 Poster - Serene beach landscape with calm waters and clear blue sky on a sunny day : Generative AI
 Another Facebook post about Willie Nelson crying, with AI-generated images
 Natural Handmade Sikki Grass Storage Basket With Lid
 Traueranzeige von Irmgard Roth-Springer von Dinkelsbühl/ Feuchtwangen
...
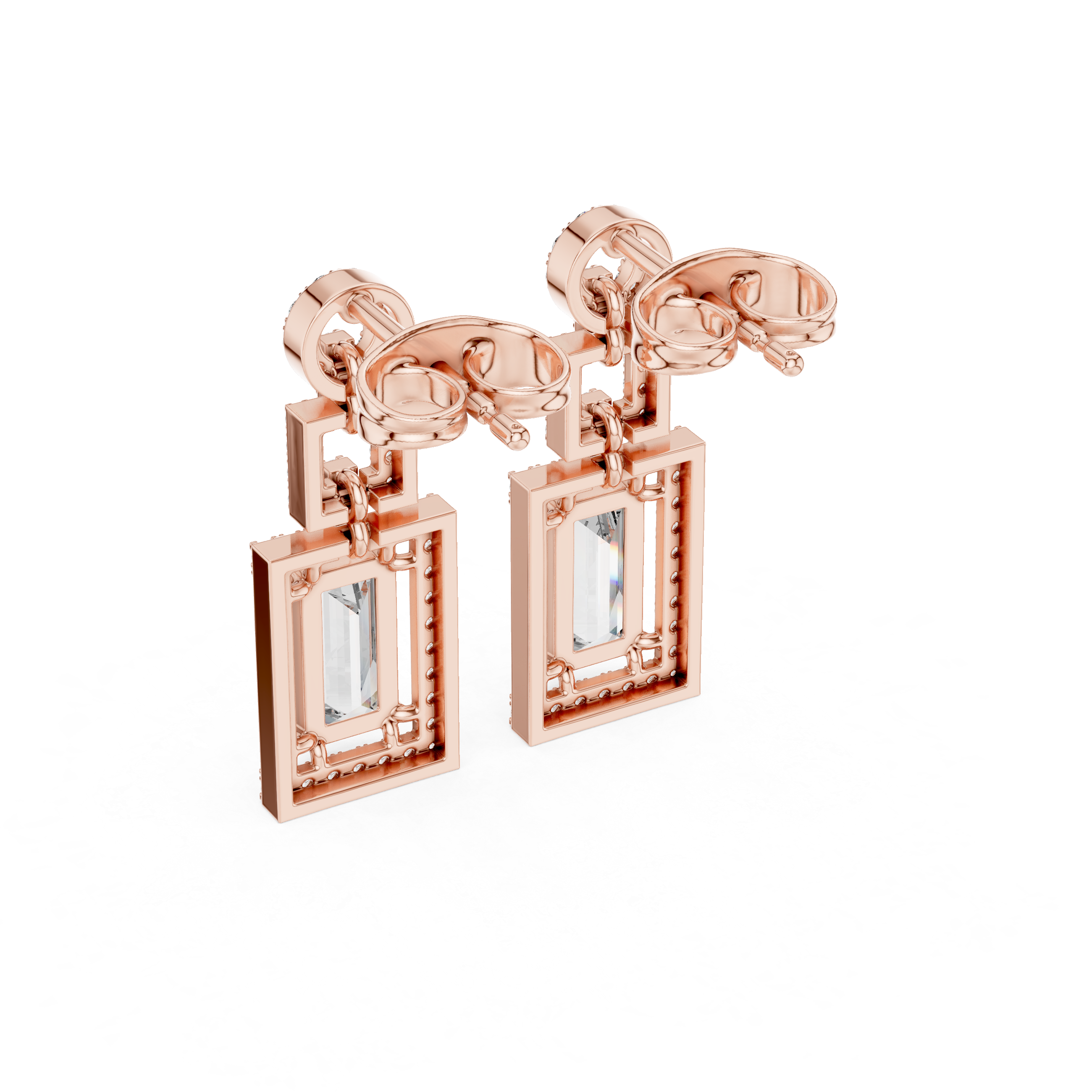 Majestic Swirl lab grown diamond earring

- _Exercise objective_:
Look back at the data above. Transcribe exactly the lines starting at the line that contains "Poster - Serene" and ending at the line that contains "Traueranzeige von Irmgard".

- _Reply_:
 Poster - Serene beach landscape with calm waters and clear blue sky on a sunny day : Generative AI
 Another Facebook post about Willie Nelson crying, with AI-generated images
 Natural Handmade Sikki Grass Storage Basket With Lid
 Traueranzeige von Irmgard Roth-Springer von Dinkelsbühl/ Feuchtwangen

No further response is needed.